JWT Tokens
JWT (JSON Web Token) authentication is used for user sessions, typically from the dashboard.
Overview
Nexgent uses a two-token system:
| Token | Purpose | Expiration |
|---|---|---|
| Access Token | Authenticates API requests | 15 minutes |
| Refresh Token | Obtains new access tokens | 24 hours (or 30 days with "Remember Me") |
Token Structure
Access Token Payload
{
"userId": "550e8400-e29b-41d4-a716-446655440000",
"email": "user@example.com",
"type": "access",
"jti": "unique-token-id",
"iat": 1705312200,
"exp": 1705313100
}Refresh Token Payload
{
"userId": "550e8400-e29b-41d4-a716-446655440000",
"email": "user@example.com",
"type": "refresh",
"jti": "unique-token-id",
"iat": 1705312200,
"exp": 1705398600
}| Field | Description |
|---|---|
userId | User's unique identifier |
email | User's email address |
type | Token type (access or refresh) |
jti | Unique token ID (for blacklisting/rotation) |
iat | Issued at (Unix timestamp) |
exp | Expiration (Unix timestamp) |
Using Access Tokens
Include the access token in the Authorization header:
curl -X GET https://your-instance.com/api/v1/agents \
-H "Authorization: Bearer eyJhbGciOiJIUzI1NiIsInR5cCI6IkpXVCJ9..."Header Format
Authorization: Bearer <access_token>Token Lifecycle
Login/Register
│
▼
┌─────────────────────────────────────┐
│ Access Token (15m) + Refresh Token │
└─────────────────────────────────────┘
│
▼
Use access token for API requests
│
▼
Access token expires (15m)
│
▼
Use refresh token to get new tokens
│
▼
(Repeat until refresh token expires)
│
▼
Re-login requiredToken Expiration
| Token | Default | Remember Me |
|---|---|---|
| Access Token | 15 minutes | 15 minutes |
| Refresh Token | 24 hours | 30 days |
Access token expiration is fixed.
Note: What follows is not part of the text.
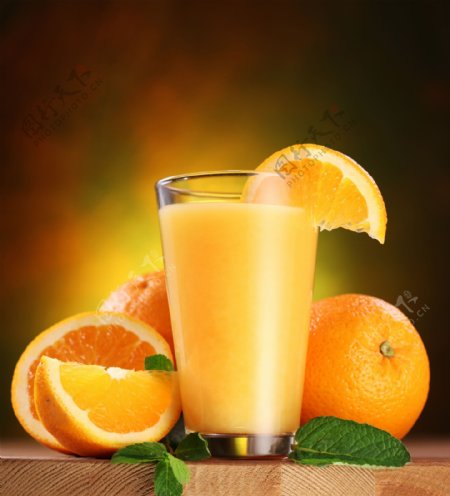 鲜橙汁背景图片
The "Remember Me" option only extends the refresh token.
Token Blacklisting
When a user logs out, their access token is immediately blacklisted:
- Token
jtiis stored in Redis - TTL matches remaining token lifetime
- Auth middleware checks blacklist on each request
This ensures logged-out tokens cannot be reused.
Security Features
Unique Token IDs (jti)
Every token has a unique ID (jti) enabling:
- Token blacklisting on logout
- Refresh token rotation (single-use)
- Audit trail capabilities
Timing Attack Prevention
Login always performs password verification to prevent timing attacks that could enumerate valid emails.
Generic Error Messages
Authentication errors use generic messages to prevent email enumeration:
{
"error": "Invalid email or password"
}Common Errors
| Status | Error | Cause |
|---|---|---|
| 401 | Authorization header required | No token provided |
| 401 | Invalid authorization header format | Not Bearer format |
| 401 | Invalid token | Malformed or wrong signature |
| 401 | Token expired | Access token expired |
| 401 | Token has been revoked | Token blacklisted (logout) |
Best Practices
Token Storage
- Access Token: Store in memory or secure storage
- Refresh Token: Store in httpOnly cookie or secure storage
- Never: Store tokens in localStorage (XSS vulnerable)
Token Refresh
- Refresh tokens before expiration (e.g., at 14 minutes)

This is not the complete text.